Article and photos by Mary Callie Gisler.
EUGENE, Ore. — The third floor of the Gerlinger Annex is alive with motion and rhythm. Behind the closed door of one spacious studio come the low hum of music and the unified pound of feet on the dance floor. Next door, you might find University of Oregon (UO) senior Olivia Shaw is lost in a rehearsal of her own. It is where she spends hours of her time, perfecting each turn and jump until the movement is second nature.
Gerlinger Annex is home to the university’s dance department, a niche of dancers, choreographers and teachers dedicated to the art of movement. For dance students like Shaw, it is also a second home where hours of practice and performance are spent.
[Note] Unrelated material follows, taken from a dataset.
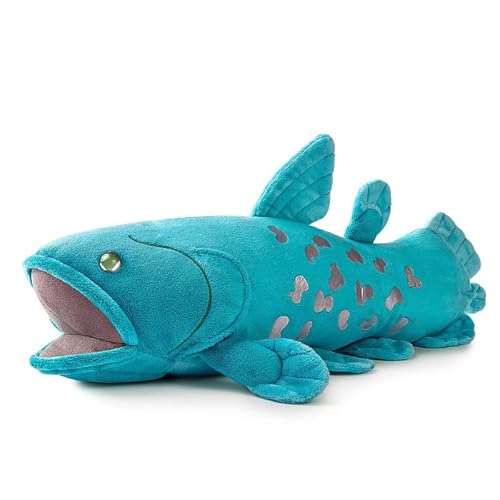 Simulation Coelacanth Fisch Plüschtier - 16" Blaues realistisches Fischspielzeug, super weiche realistische Meeressimulation Coelacanth Fischpuppen Plüschgeschenk Sammlung Dekorationen für Kinder. von PuffPurrs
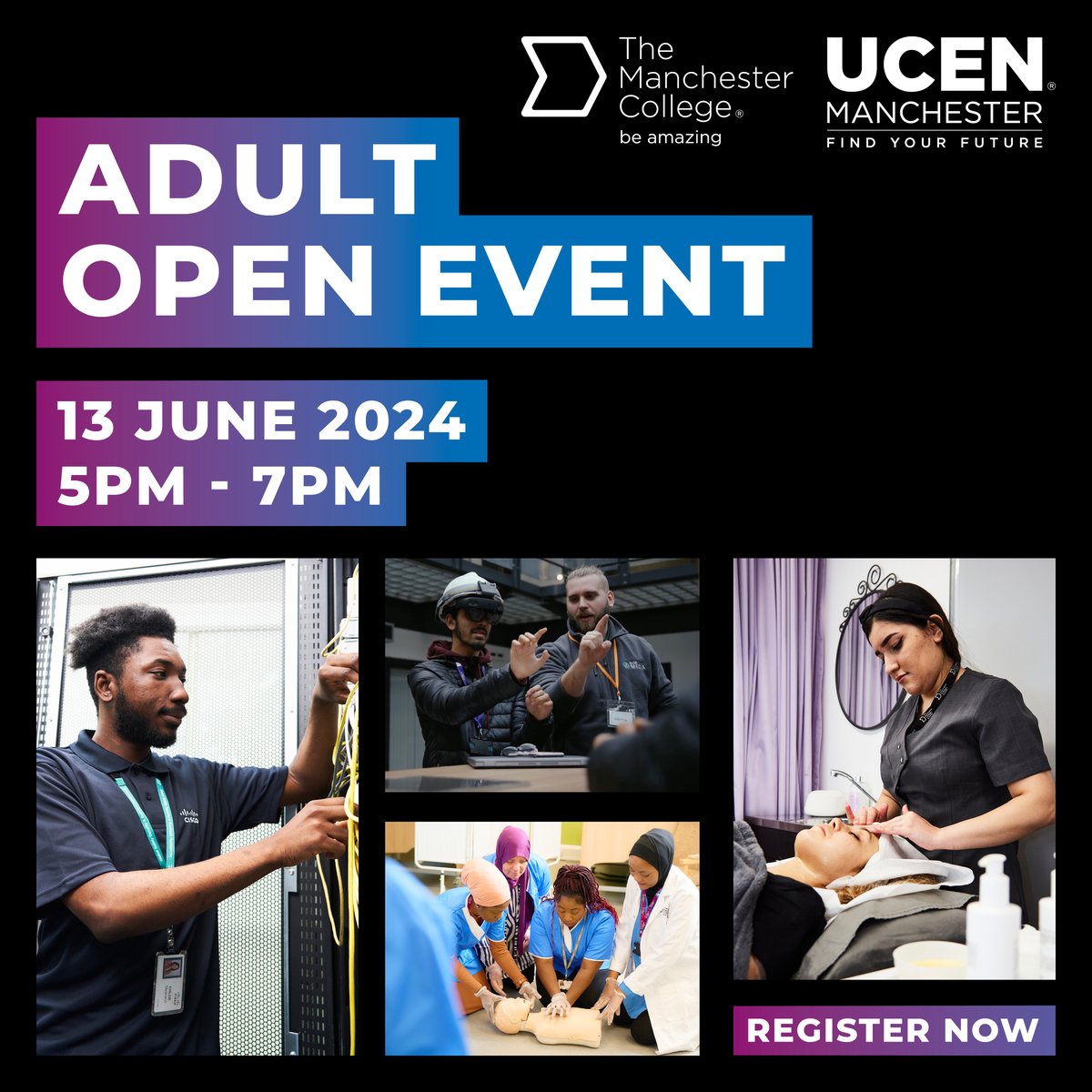 Join us for our Adult Open Event co-hosted with @ucenmcr on Thursday 13 June. This is the perfect opportunity to find out how our career-focused courses can help you start, change, or progress in your career! tmc.ac.uk/events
“The culture is supportive no matter what,” the university senior says. “We do work independently on our own research, yet we strive for a community that is uplifting and inclusive.”
Making Dance Academic
Life as a dance student requires just as much time in the classroom as it does in the dance studio. Students enrolled in the major dedicate four years of their college career to 72 dance credits and 24 elective credits needed to complete the major. While the program places an emphasis on modern dance technique, students can explore a wide range of disciplines and genres like ballroom, swing dance, tango, jazz and ballet.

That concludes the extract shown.